The line containing "Mutual Fund Agent Commission Calculator" marks the start. Restate it and every following line through the end of the records exactly, and nothing else, leaving out the pictures.

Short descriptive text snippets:
.....

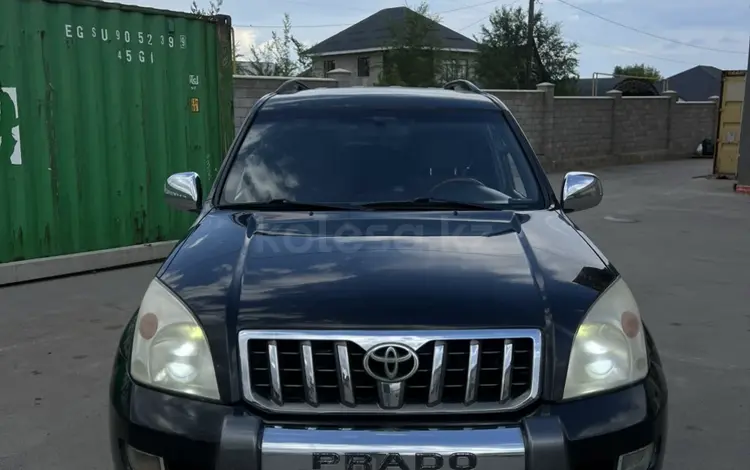 Toyota Land Cruiser Prado 2006 года за 9 000 000 тг. в Алматы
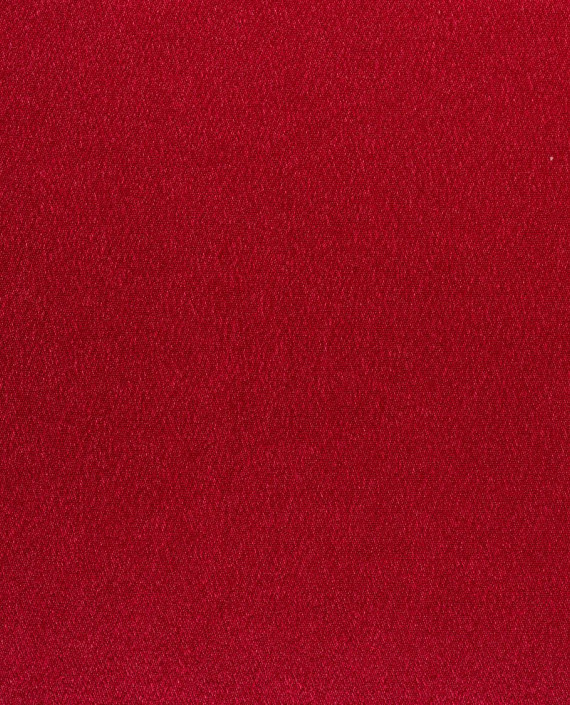 Креп-сатин 0185 цвет бордовый картинка 2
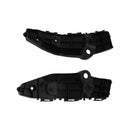 Toyota Rav4 2019-2021 Pair of Front Bumper Support Spacer Retainer Brackets TO1023126 TO1033126 52536-0R070 52536-42080 52535-0R090 52535-42050
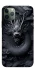 Чехол на Apple iPhone 11 Pro (5.8") black dragon фото 1 из 1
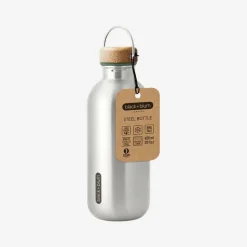 Stålvandflaske small, 600ml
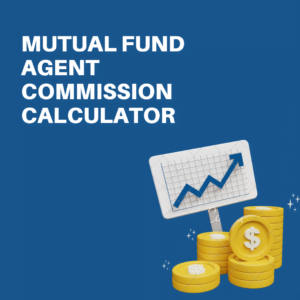 Mutual Fund Agent Commission Calculator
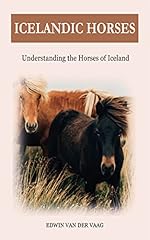 Icelandic horses understanding for sale  Delivered anywhere in USA 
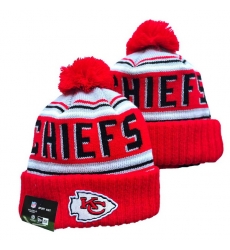 Kansas City Chiefs Beanies 25G006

.....

Problem solution:
 Mutual Fund Agent Commission Calculator
 Icelandic horses understanding for sale  Delivered anywhere in USA 
 Kansas City Chiefs Beanies 25G006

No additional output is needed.